Consider the following:

  • During the 1920s, UK saw rapid growth in Gross Domestic Product (GDP), production levels and living standards. The growth was fuelled by new technologies and production processes such as the assembly line. The economic growth also caused an unprecedented rise in stock market values.
  • China’s recent economic slowdown and financial mayhem are fostering a cycle of decline and panic across much of the world, as countries of nearly every continent see escalating risks of prolonged slumps, political disruption and financial losses.

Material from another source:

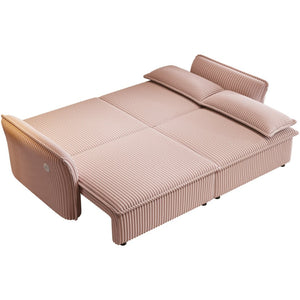 English Elm This Convertible Sleeper Sofa Plush Fleece 85 Inch Pull Out Bed for Studio Living Pink W3820S00036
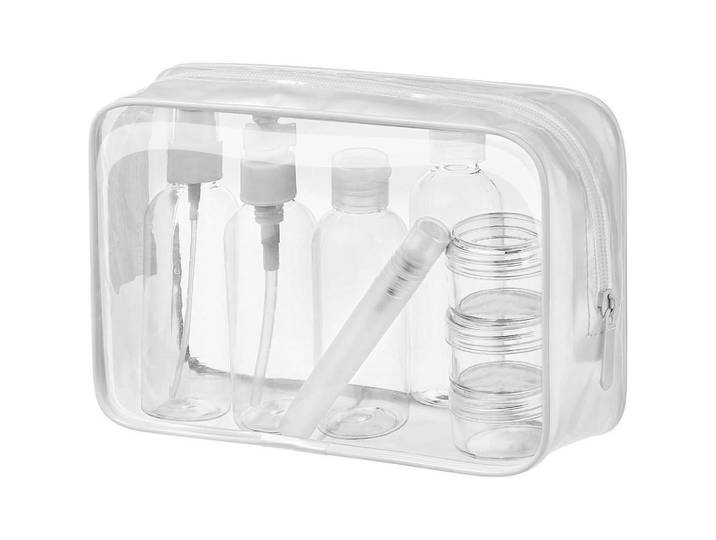Kulturbeutel transparent 8-teiliges Set, Transparent, Kunststoff, 16x6x21 cm, Badaccessoires, Kosmetikdosen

ICAI Notes- Introduction: Business Cycles - CA Foundation

What are these?  

  • These are examples of business cycles.
  • The first example shows that the UK economy was going through a boom during the 1920s while the second example of the recent slowdown in China indicates the beginning of a recessionary phase.
  • Economics is concerned with fluctuations in economic activities. The economic history of nearly all countries points towards the fact that they have gone through fluctuations in economic activities i.e. there have been periods of prosperity alternating with periods of economic downturns. 
  • These rhythmic fluctuations in aggregate economic activity that an economy experiences over a period of time are called business cycles or trade cycles.
  • A trade cycle is composed of periods of good trade characterised by rising prices and low unemployment percentages, altering with periods of bad trade characterised by falling prices and high unemployment percentages.
  • In other words, the business cycle refers to alternate expansion and contraction of overall business activity as manifested in fluctuations in measures of aggregate economic activity, such as, gross national product, employment and income.
  • A noteworthy characteristic of these economic fluctuations is that they are recurrent and occur periodically. That is, they occur again and again but not always at regular intervals, nor are they of the same length. It has been observed that some business cycles have been long, lasting for several years while others have been short ending in two to three years.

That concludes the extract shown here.